Sent from my iPhone using Tapatalk


----------



## stezell (Sep 12, 2019)

I'm digging the seat chassis Jesse, cool bike!


----------



## dfa242 (Sep 12, 2019)

Nice!


----------



## lgrinnings (Sep 12, 2019)

Sweet birthday gift to yourself. I dig it.


----------



## bricycle (Sep 12, 2019)

Nice work, keep at it!!


----------



## cyclingday (Sep 12, 2019)

Wow!
Looks good so far.


----------



## dave429 (Sep 12, 2019)

Couldn’t have found a better owner! Nice ride! Happy Birthday!


----------



## GiovanniLiCalsi (Sep 12, 2019)

HAPPY BIRTHDAY!
Beautiful Ray!


----------



## Mr. Monkeyarms (Sep 12, 2019)

Excellent way to spend your Birthday!!


----------



## Jesse McCauley (Sep 13, 2019)

Progress Report!


















Sent from my iPhone using Tapatalk


----------



## Jesse McCauley (Sep 13, 2019)

After a bit of research it seems possible the Rex rat trap pedals were a period option and possibly "original" to the bike and riders preferences vs the Star rat traps.


----------



## Jesse McCauley (Sep 14, 2019)

After a bit of cleaning they are ready to go back on the bike, changed my mind on replacing them with stars. 

Initially (from photos pre purchase) I thought they were Torrington 18 replacement pedals but once I saw them I knew they were the earlier Rex design with more traditional domed cap and square block bolts. 
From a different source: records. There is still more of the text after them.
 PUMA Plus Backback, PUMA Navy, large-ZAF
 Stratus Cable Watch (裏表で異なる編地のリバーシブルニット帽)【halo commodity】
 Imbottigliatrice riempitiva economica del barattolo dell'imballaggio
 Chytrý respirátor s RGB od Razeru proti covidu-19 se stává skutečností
Ultra clean, original nickel is very strong 










Sent from my iPhone using Tapatalk


----------



## Jesse McCauley (Sep 14, 2019)

After consulting with @hoofhearted I think I will re-rethink my plan and use the star traps I have. I need to do a little axle work on them but nonetheless, this bike will be a polished example soon.


----------



## Jesse McCauley (Sep 14, 2019)

Update as of this afternoon, put in a couple more hours of paint polishing. 
- Cleaned chain and chainring 

Still more yellow to pull off but mannnn my fingers are aching, time for a break and a walk with the dog.
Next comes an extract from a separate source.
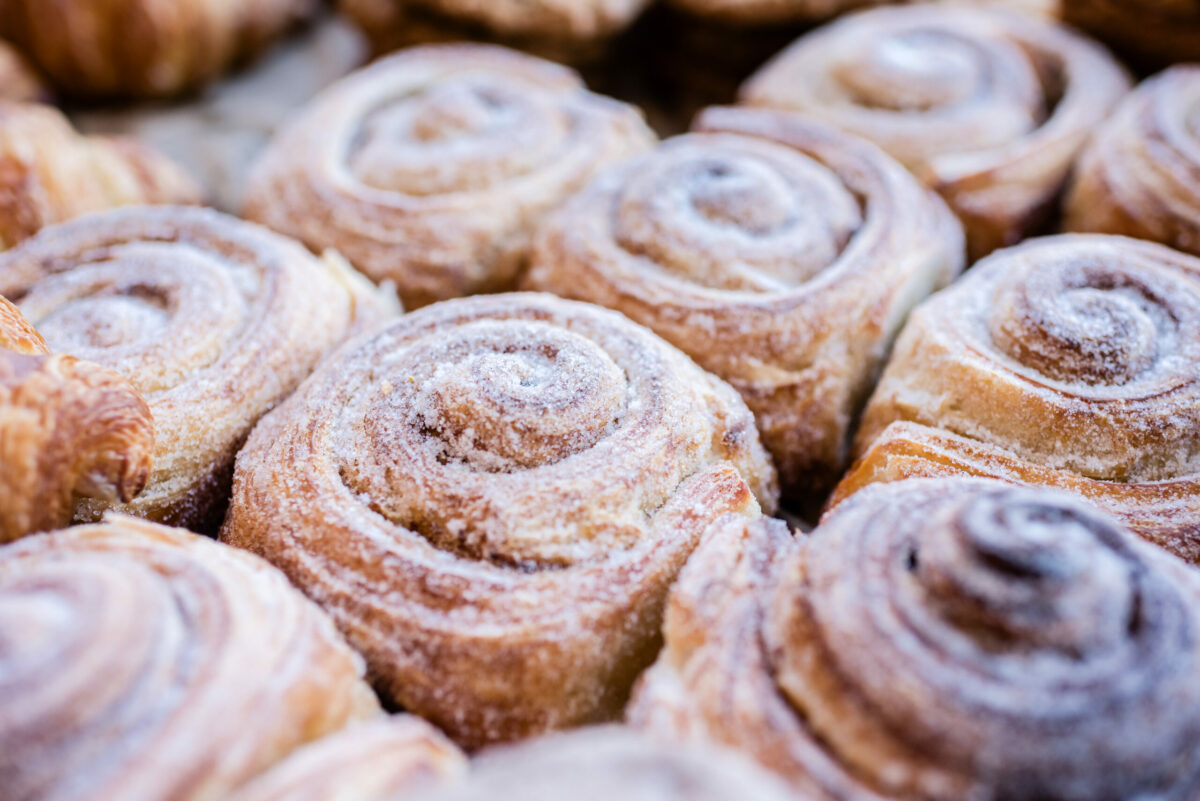 Cinnamon rolls at downtown Sonoma's Monday Bakery. (Sakhon Nhek/Courtesy of Monday Bakery)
Sent from my iPhone using Tapatalk


----------



## Jesse McCauley (Sep 16, 2019)

Star Pedals, Bridgeport No. 2 frame pump, and a Seth Thomas cyclometer.

Call it a day.














































Sent from my iPhone using Tapatalk


----------



## Goldenindian (Sep 16, 2019)

Those Rex pedals are amazing!! What a score!  Beautiful condition. Thanks for sharing all these pictures with the cabe. You have been finding some amazing machines!!


----------